派遣

最近よく聞くようになった「派遣(はけん)」というシステム。
一体どのようなシステムで行われていているのか、その仕組みやマナー、メリット・デメリットについて解説します。

「派遣」の大まかな仕組みを知ろう

基本的にはパートやアルバイト、正社員のどれとも違う特殊な形態で労働するシステムです。

大まかに説明すると、まず労働者が派遣会社に登録し、雇用の契約を結びます。
派遣元の会社が派遣先の会社と契約を結び、労働者は派遣先の会社で働きますが、実際に給与をもらうのは派遣元の会社です。

多少の違いはあるかもしれませんが、勤務する場所が派遣先、給与を貰う場所が派遣元という形態をとるのが“派遣”というシステムです。
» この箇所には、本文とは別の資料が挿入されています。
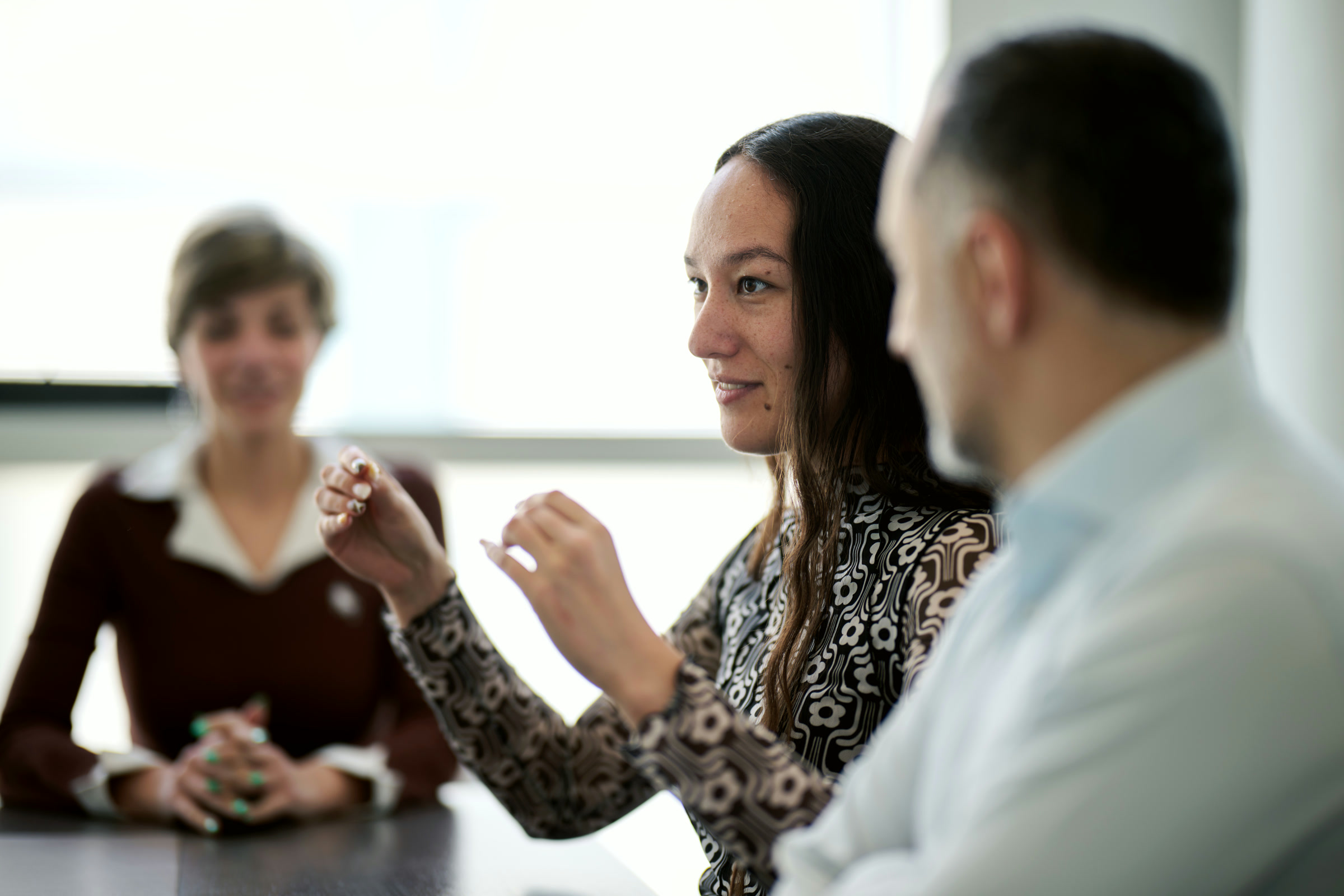 NIRU colleagues in conversation at the Geneva office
詳しく紹介しましょう。

「派遣」で働く流れと仕組み

1.まず労働者が人材派遣を行う“派遣元”の会社と雇用の契約を結ばなければいけません。
ここで労働者と派遣元会社との雇用契約が成り立ちます。
つまり、労働者は派遣元会社の“派遣労働者”や“派遣スタッフ”という状態になるのです。
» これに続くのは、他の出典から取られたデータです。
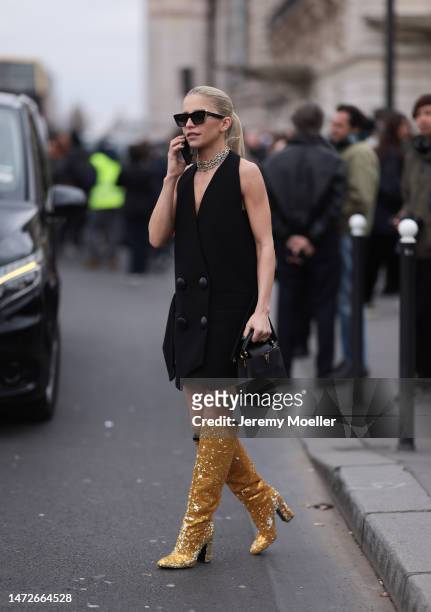 Caro Daur is seen wearing a black oversized blazer vest and golden shimmery high heel boots outside the Louis Vuitton Show during Paris Fashion Week...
2.派遣元の会社から、派遣労働者が派遣先会社に派遣されます。
ここで実際に派遣先の会社で業務の内容や支持を受け、派遣労働者として働くことになり、契約期間での労働力を提供することになります。

3.定められた契約期間の就業を終えて(年単位の場合は一定期間ごとに)、派遣先の会社からではなく、派遣元の会社から給与を受け取ります。
派遣元の会社と派遣先の会社では“派遣契約”が結ばれているので、ここにも利益が発生しているのです。

4.雇用(労働)契約が完了します。
以後、1から繰り返す形になります。

ここで注意しておきたいのが、いわゆる「登録型」の派遣会社に登録するときです。
この登録をしただけでは、実際には雇用関係は成り立っていなく、派遣先での労働が決まったときに初めて契約が成立します。
あくまで労働者が登録しただけでは雇用関係までは成立していません。

「派遣」をするメリット

派遣で働くことでのメリットを紹介しましょう。

給与(時給)が良い

まず1番に挙げられるのが“時給(給与)が高い”という点です。
短い期間で稼ぎたいだとか、貯金をしたいなどの目的に適していると言えるでしょう。

もし、正社員の方に「時給はいくら?」などという事を聞かれても、トラブルに発展する可能性もありますので丁寧に断るのがマナーです。

やりたい仕事が出来る

自分が希望する仕事や業種を見つけやすいという点です。
個人で行動した場合、なかなか見付けづらかったり、実際に行う業務が違うなどの問題が起こる可能性があります。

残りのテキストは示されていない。